Return the lines of the data below exactly. Start at the first and end with the line containing "3 Piece Embroidered Suit".

===== PROVIDED MATERIAL =====

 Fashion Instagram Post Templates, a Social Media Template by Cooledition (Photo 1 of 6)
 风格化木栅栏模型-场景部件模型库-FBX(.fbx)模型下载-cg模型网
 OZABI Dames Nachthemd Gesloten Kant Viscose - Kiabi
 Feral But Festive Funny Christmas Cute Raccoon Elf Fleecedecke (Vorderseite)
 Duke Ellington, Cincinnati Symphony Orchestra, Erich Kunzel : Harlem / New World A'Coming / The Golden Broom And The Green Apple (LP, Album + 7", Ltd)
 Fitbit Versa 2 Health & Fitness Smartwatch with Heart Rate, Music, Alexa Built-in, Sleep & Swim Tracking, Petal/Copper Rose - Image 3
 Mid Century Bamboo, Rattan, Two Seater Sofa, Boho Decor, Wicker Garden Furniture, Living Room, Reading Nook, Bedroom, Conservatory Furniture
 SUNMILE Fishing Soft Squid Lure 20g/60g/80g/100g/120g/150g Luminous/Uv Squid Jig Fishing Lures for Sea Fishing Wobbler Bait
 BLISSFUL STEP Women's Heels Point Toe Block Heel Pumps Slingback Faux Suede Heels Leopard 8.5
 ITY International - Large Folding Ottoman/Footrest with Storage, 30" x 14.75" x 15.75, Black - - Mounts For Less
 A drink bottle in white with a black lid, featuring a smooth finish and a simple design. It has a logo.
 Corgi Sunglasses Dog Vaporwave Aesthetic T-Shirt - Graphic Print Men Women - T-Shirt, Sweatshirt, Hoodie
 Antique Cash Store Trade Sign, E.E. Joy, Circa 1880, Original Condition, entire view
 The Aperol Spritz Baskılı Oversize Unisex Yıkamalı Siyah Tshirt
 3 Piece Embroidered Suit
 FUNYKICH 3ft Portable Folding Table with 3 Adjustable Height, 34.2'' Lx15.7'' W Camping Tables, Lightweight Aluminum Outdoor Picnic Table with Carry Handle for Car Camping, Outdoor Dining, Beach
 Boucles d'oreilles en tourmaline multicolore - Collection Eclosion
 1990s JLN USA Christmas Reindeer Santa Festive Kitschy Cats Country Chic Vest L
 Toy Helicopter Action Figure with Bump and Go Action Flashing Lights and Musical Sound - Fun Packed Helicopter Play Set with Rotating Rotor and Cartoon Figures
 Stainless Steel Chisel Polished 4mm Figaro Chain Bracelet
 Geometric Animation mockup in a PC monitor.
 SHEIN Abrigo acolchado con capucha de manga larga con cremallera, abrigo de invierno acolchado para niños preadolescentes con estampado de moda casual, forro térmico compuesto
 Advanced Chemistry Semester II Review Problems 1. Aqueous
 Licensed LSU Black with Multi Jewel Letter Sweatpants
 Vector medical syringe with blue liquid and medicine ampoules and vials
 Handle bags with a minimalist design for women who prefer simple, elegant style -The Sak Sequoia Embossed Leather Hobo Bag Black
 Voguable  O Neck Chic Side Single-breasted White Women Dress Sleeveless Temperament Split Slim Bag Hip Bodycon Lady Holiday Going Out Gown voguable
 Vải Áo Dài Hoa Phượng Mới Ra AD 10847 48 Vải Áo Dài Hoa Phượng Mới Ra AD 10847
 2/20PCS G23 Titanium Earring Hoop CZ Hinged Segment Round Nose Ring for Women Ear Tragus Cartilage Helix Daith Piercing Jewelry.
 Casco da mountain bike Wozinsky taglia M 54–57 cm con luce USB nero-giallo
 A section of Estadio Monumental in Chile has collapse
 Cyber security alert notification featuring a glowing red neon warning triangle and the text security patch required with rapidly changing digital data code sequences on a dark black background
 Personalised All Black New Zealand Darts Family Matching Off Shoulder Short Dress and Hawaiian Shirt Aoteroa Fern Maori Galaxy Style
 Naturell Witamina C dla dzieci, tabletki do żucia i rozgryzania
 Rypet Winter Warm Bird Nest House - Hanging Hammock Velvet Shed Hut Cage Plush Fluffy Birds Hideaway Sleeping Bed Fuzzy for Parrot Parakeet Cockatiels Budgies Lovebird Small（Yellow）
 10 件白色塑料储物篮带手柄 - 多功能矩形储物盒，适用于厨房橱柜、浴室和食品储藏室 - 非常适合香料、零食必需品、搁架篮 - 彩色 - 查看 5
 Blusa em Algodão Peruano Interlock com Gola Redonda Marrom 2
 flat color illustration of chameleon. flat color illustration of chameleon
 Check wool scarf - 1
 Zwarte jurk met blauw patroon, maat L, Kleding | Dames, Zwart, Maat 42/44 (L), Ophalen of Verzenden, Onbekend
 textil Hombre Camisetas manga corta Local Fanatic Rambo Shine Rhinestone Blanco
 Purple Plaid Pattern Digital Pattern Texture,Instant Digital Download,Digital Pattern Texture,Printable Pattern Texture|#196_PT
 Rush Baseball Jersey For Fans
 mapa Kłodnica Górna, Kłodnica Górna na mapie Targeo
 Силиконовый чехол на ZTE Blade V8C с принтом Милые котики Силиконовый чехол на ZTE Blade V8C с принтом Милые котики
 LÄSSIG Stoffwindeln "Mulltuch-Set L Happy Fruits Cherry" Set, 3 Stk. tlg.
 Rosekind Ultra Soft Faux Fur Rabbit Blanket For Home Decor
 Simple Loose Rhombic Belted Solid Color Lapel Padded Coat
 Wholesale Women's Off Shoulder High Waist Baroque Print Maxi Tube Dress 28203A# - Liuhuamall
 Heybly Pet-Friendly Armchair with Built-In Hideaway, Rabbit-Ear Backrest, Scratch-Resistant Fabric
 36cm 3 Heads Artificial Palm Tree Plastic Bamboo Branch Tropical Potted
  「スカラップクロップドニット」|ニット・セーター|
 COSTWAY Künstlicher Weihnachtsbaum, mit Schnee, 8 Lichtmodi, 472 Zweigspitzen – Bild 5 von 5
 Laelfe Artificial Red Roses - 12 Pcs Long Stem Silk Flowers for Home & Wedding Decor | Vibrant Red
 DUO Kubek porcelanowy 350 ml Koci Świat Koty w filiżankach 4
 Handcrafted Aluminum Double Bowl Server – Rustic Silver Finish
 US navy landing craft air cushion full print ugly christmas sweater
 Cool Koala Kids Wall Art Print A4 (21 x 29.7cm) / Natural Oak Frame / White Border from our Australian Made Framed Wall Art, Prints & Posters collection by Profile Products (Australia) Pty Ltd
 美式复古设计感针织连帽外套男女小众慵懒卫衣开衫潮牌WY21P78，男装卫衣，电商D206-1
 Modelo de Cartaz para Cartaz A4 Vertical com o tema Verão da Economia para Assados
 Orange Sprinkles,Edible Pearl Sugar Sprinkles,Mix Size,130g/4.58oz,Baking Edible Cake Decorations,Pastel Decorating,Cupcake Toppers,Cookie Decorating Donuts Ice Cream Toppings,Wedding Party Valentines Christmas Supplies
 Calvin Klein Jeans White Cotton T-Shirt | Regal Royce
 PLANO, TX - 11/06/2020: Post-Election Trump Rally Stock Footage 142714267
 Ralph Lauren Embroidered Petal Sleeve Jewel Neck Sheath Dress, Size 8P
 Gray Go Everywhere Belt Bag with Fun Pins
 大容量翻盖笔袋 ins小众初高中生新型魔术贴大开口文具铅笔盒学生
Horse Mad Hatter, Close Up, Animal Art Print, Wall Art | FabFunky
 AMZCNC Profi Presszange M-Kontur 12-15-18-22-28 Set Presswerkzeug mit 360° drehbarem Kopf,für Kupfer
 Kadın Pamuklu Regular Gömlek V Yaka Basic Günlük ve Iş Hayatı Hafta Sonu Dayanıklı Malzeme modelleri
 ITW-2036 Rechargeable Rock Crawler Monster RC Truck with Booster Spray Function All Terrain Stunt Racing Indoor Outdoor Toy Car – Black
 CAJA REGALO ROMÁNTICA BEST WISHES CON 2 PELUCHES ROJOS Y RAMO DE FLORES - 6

=====

__ANSWER TO THIS PROBLEM__
 Fashion Instagram Post Templates, a Social Media Template by Cooledition (Photo 1 of 6)
 风格化木栅栏模型-场景部件模型库-FBX(.fbx)模型下载-cg模型网
 OZABI Dames Nachthemd Gesloten Kant Viscose - Kiabi
 Feral But Festive Funny Christmas Cute Raccoon Elf Fleecedecke (Vorderseite)
 Duke Ellington, Cincinnati Symphony Orchestra, Erich Kunzel : Harlem / New World A'Coming / The Golden Broom And The Green Apple (LP, Album + 7", Ltd)
 Fitbit Versa 2 Health & Fitness Smartwatch with Heart Rate, Music, Alexa Built-in, Sleep & Swim Tracking, Petal/Copper Rose - Image 3
 Mid Century Bamboo, Rattan, Two Seater Sofa, Boho Decor, Wicker Garden Furniture, Living Room, Reading Nook, Bedroom, Conservatory Furniture
 SUNMILE Fishing Soft Squid Lure 20g/60g/80g/100g/120g/150g Luminous/Uv Squid Jig Fishing Lures for Sea Fishing Wobbler Bait
 BLISSFUL STEP Women's Heels Point Toe Block Heel Pumps Slingback Faux Suede Heels Leopard 8.5
 ITY International - Large Folding Ottoman/Footrest with Storage, 30" x 14.75" x 15.75, Black - - Mounts For Less
 A drink bottle in white with a black lid, featuring a smooth finish and a simple design. It has a logo.
 Corgi Sunglasses Dog Vaporwave Aesthetic T-Shirt - Graphic Print Men Women - T-Shirt, Sweatshirt, Hoodie
 Antique Cash Store Trade Sign, E.E. Joy, Circa 1880, Original Condition, entire view
 The Aperol Spritz Baskılı Oversize Unisex Yıkamalı Siyah Tshirt
 3 Piece Embroidered Suit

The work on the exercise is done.